Ele tem embalado sucessivas gerações desde os anos 1960 — seja em parceria com Roberto Carlos, seja nas músicas que gravou sozinho ou naquelas ao lado de grandes estrelas da música brasileira. Aos 77 anos, Erasmo Carlos acaba de lançar seu 31º disco, “Amor é isso”. Ele também receberá dois prêmios que confirmam seu talento inimitável: o de Compositor Brasileiro, oferecido pela União Brasileira dos Compositores (UBC), e o Prêmio à Excelência Musical do Grammy Latino. Casado há três com a pedagoga paulistana Fernanda Passos, de 28 anos, Erasmo diz ter mudado seu jeito de compor, preferindo escrever poemas a melodias. Apaixonado, ele diz que foi convencido pela mulher a trocar a bebida pela pipoca e a vida noturna por filmes da televisão. Nesta entrevista dada a ISTOÉ no saguão de um hotel em São Paulo, Erasmo falou sobre o “amor como conceito”, sua desilusão com a política e disse o que pensa da descriminalização das drogas.

Seu novo disco é sobre o amor. O que é o amor para você hoje?
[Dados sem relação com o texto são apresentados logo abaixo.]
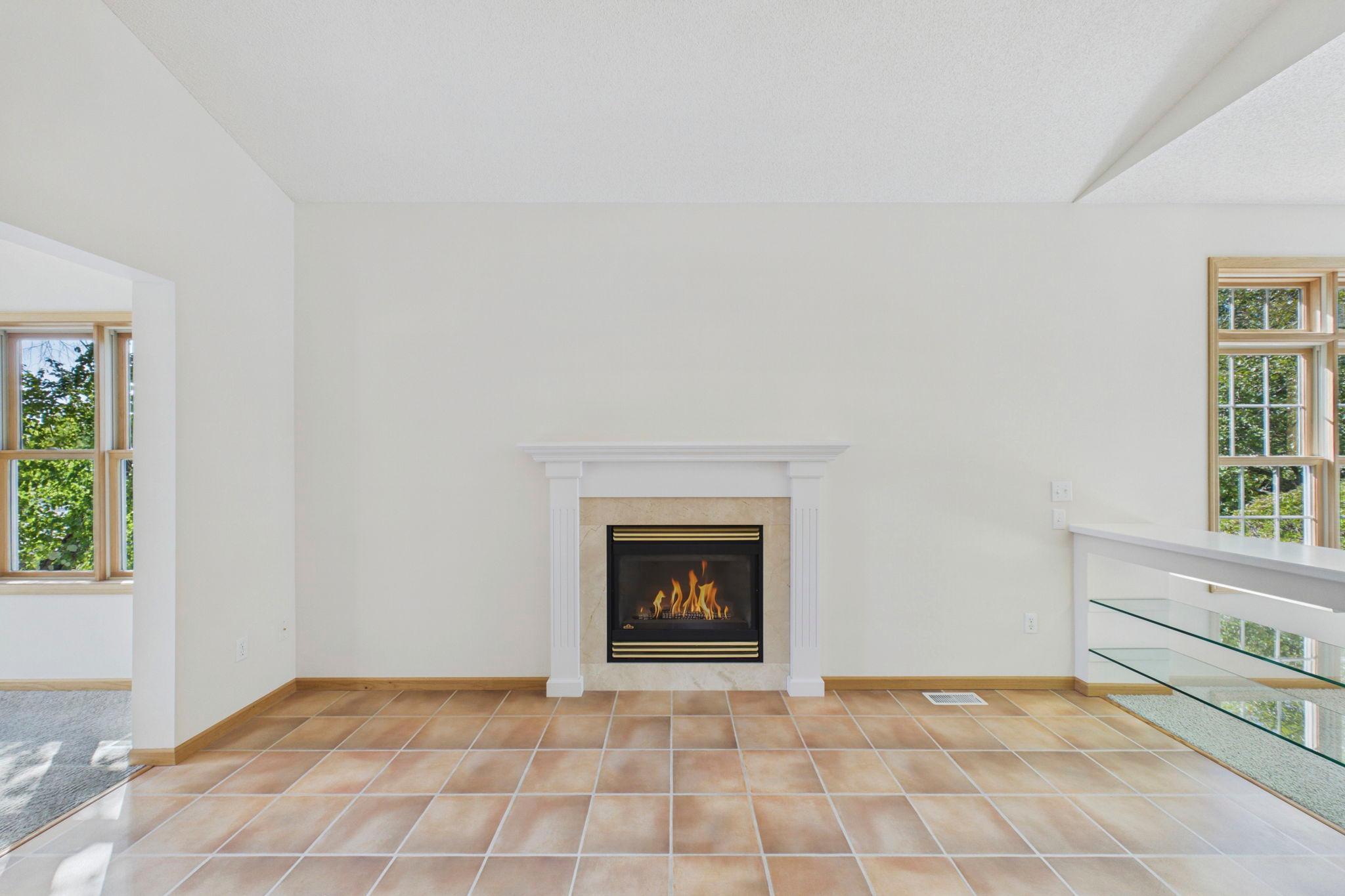 Fireplace area filled with natural light and open to the surrounding main-level living spaces.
Decidi abordar o amor como um conceito. Aquele amor maior que engloba todos os tipos de amor. Aquele amor sem preconceito, grande, infinitamente elástico, que abraça todos os tipos de amor que a gente tem: amor pelos pais, pelos filhos, pelos objetos, por Deus. Um amorzão que abraça tudo.

Foi esse amorzão que fez você mudar seu jeito de compor?
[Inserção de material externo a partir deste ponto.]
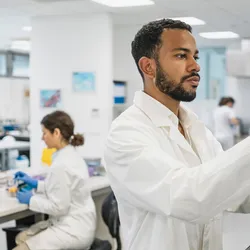 Lab technician operating equipment in a central laboratory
Pela primeira vez eu coloquei as músicas em forma de poesias. Eu nunca tinha feito isso. Sempre fiz o contrário, eu letrei músicas. Durante sete anos eu escrevi poemas para a minha mulher, Fernanda, e fiquei com 111 poemas. Eles serão editados em um livro no ano que vem. Pedi então ajuda a amigos que lidam com poesias, como a Adriana Calcanhotto e o Arnaldo Antunes. Foi uma experiência que fiz para esse disco. Não quer dizer que vou fazer isso para sempre. Sou muito inconstante nesse ponto. Sou ávido pelo novo, procuro sempre fórmulas novas.

Esse é o segredo de se manter atualizado?

Nunca foi com essa intenção, mas acho que é uma coisa que me move, esse desejo de participar das coisas que estão acontecendo agora. Não adianta nada viver do passado. Poderia facilmente viver até hoje da Jovem Guarda, fazendo show. Mas não. Quero estar vivo agora, mostrar que estou vivo agora, atuante, estou antenado, que meu momento é agora. O período da Jovem Guarda foi lindo, maravilhoso, todas as vezes que fecho os olhos me lembro dela. Ela sempre vai ter o cantinho dela. Mas passou.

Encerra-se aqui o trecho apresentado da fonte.